(GIVEN DATA):
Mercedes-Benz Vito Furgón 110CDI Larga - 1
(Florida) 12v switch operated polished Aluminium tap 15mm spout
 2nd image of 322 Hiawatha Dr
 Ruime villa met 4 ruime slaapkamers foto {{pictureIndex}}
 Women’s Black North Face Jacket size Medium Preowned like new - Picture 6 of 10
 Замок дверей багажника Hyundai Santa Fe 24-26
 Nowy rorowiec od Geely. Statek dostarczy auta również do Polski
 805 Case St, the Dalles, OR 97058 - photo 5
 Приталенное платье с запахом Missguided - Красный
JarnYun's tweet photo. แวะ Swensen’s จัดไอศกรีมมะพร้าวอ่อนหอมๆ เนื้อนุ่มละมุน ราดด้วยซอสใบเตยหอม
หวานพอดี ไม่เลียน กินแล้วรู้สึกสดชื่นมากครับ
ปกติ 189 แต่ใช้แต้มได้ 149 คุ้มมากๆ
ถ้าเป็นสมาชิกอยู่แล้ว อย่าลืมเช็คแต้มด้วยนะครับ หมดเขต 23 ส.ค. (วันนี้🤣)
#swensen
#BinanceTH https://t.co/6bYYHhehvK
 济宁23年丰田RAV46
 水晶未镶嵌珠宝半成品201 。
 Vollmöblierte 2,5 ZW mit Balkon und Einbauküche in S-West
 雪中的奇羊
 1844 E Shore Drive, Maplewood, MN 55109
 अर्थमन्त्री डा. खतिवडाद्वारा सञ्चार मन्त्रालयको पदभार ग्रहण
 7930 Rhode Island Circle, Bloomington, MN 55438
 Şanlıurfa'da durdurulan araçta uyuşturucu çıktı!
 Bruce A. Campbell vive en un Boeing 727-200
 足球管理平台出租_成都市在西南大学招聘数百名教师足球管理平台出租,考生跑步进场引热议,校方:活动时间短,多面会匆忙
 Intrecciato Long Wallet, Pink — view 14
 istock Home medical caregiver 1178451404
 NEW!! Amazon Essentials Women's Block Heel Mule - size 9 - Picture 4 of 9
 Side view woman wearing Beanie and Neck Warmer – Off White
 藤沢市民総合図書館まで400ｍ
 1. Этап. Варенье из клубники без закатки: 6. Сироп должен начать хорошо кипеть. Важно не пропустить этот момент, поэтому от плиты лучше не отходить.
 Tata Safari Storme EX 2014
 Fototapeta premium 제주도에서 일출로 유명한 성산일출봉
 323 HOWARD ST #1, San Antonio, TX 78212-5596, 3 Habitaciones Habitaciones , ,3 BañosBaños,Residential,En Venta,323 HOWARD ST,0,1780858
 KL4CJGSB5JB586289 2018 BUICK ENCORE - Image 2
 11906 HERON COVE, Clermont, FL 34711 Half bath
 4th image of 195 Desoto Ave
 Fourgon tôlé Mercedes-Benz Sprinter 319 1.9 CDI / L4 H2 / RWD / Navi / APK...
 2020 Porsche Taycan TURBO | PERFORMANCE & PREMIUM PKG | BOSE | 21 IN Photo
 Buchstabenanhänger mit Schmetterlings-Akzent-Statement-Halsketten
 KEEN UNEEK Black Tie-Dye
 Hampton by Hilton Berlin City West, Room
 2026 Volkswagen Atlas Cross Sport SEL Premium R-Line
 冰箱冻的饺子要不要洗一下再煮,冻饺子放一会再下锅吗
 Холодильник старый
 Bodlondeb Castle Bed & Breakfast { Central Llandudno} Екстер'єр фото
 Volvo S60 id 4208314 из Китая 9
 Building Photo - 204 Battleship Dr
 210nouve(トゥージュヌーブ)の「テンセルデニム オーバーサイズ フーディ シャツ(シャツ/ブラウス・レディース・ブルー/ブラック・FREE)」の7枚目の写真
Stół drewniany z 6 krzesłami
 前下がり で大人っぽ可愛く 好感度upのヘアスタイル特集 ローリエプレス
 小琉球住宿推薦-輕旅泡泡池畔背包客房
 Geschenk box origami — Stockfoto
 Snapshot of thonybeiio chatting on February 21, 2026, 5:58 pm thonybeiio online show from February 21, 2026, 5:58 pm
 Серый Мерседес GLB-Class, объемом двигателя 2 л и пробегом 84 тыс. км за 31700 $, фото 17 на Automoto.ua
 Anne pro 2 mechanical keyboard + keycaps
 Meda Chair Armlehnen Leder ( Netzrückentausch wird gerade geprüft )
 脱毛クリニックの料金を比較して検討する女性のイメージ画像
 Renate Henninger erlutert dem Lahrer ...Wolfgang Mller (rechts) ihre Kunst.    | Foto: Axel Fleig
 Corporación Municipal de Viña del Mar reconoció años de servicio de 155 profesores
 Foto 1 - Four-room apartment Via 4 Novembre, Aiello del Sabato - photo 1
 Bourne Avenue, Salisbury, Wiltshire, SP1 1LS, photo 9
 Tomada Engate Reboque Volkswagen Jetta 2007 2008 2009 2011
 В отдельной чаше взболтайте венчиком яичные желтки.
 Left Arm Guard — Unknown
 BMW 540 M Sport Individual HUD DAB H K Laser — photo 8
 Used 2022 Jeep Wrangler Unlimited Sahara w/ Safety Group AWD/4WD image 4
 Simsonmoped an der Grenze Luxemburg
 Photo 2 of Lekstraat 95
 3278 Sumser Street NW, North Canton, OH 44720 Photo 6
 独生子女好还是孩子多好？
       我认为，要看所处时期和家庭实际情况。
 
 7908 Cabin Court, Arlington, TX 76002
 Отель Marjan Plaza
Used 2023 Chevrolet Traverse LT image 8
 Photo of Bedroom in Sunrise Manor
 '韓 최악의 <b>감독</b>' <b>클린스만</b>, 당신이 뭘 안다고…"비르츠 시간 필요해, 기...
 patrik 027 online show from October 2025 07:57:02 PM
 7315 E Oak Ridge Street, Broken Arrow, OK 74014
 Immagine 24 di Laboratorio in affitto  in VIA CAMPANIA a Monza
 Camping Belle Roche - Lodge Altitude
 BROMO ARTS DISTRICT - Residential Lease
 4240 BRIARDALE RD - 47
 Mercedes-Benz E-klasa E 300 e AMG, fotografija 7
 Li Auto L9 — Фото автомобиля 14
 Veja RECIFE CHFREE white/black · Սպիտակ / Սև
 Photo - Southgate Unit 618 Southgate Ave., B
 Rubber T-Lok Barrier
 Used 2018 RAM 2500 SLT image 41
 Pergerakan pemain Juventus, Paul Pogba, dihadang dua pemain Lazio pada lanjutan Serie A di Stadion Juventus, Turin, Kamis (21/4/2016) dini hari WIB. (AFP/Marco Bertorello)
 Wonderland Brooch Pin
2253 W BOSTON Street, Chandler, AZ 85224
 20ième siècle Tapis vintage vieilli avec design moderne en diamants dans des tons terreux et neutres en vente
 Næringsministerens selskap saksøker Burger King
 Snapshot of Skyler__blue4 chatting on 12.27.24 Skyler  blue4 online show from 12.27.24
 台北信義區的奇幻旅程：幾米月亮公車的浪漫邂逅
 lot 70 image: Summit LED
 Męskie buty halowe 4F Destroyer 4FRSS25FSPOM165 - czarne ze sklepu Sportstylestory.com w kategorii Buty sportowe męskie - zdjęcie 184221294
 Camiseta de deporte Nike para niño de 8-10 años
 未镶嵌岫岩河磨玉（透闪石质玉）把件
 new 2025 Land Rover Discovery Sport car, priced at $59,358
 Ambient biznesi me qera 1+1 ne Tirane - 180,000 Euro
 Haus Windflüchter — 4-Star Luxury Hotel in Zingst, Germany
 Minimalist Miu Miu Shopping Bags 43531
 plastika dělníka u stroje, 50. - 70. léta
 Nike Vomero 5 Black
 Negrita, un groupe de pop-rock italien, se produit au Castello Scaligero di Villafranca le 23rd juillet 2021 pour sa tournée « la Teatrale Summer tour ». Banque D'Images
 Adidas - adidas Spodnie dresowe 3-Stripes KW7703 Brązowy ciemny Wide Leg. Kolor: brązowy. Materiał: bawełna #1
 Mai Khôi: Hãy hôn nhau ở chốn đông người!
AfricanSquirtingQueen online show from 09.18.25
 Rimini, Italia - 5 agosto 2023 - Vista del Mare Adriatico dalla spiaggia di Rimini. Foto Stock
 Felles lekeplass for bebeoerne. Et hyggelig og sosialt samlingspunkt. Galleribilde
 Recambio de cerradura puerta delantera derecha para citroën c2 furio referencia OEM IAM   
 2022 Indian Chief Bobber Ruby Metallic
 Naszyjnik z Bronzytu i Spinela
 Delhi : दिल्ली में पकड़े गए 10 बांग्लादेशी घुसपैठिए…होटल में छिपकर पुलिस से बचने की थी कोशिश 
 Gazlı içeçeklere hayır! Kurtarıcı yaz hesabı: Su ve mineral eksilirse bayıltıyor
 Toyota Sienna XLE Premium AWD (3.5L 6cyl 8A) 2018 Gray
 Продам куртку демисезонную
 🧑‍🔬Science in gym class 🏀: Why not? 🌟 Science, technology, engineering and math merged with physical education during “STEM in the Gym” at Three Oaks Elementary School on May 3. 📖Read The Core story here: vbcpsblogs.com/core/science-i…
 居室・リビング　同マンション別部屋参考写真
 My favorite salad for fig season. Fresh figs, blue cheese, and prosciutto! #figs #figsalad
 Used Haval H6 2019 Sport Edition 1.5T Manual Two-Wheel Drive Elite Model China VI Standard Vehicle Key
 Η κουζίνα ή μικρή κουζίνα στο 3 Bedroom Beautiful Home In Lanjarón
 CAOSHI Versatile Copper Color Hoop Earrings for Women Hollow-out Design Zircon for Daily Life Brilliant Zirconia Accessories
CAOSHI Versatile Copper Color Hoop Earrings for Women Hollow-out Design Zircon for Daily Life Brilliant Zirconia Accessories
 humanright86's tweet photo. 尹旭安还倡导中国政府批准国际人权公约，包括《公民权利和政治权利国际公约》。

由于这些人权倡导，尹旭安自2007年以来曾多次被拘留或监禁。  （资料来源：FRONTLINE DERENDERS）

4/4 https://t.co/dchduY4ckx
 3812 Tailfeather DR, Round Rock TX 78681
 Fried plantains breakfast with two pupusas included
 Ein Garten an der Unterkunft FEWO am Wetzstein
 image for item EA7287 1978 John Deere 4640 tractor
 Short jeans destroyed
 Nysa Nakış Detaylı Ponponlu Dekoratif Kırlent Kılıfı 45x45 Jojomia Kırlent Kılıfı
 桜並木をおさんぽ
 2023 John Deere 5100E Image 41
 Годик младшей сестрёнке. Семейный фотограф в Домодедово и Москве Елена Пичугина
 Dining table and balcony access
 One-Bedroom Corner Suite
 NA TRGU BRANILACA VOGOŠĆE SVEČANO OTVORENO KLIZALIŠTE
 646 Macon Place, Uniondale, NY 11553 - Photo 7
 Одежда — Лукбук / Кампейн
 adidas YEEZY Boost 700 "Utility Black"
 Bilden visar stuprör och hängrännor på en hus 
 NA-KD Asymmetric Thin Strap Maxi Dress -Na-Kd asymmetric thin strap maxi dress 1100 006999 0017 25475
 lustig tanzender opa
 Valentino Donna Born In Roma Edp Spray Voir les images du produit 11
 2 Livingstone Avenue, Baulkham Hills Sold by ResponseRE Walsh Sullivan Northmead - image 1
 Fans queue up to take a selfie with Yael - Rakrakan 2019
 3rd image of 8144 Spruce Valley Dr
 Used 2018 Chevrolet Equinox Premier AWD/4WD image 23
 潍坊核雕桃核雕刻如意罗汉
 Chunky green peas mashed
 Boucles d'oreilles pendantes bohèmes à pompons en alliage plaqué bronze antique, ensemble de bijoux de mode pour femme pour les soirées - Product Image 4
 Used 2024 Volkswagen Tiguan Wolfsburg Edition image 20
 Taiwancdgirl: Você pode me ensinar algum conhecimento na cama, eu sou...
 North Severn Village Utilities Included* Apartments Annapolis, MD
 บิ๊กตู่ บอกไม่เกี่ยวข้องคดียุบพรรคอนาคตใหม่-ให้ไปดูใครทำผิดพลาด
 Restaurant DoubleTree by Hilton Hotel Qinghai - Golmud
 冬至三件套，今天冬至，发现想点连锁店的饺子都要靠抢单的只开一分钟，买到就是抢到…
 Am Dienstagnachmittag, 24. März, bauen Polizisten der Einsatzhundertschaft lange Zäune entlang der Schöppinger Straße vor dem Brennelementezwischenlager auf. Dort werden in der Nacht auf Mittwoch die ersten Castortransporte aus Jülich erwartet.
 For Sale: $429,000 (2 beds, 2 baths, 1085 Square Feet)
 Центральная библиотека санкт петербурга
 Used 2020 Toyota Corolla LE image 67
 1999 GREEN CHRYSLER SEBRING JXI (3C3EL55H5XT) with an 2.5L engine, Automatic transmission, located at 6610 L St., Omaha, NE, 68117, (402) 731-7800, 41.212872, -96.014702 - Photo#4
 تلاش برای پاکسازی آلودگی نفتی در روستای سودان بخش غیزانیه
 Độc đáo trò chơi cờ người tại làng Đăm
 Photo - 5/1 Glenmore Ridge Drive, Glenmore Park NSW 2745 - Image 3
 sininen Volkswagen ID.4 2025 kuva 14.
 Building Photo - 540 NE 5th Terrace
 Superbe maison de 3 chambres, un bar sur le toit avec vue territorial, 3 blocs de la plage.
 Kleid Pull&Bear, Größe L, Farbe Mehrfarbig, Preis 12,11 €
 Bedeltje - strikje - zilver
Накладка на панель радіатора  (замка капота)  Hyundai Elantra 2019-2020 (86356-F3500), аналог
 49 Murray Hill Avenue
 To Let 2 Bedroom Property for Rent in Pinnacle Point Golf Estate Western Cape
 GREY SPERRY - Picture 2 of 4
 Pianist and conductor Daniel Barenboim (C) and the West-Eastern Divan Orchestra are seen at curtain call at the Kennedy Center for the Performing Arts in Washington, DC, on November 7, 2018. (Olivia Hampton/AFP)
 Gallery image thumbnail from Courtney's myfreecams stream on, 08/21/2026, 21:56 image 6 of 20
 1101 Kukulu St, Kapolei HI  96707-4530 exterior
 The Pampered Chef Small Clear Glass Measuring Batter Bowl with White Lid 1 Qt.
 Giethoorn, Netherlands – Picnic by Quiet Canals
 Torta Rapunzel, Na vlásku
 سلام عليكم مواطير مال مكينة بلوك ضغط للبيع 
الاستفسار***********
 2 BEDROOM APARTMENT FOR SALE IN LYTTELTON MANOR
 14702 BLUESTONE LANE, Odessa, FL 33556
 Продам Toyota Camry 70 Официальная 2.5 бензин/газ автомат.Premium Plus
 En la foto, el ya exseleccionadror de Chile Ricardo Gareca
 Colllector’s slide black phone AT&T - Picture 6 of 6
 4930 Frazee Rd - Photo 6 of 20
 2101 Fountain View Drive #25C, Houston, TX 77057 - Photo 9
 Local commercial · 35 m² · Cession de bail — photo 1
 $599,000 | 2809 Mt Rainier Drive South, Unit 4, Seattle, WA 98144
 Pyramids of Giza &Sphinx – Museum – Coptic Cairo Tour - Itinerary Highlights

(YOUR ASSIGNMENT):
Within the material above, tally each line that contains "Brilliant" and respond with the tally only.

(TASK RESULT):
2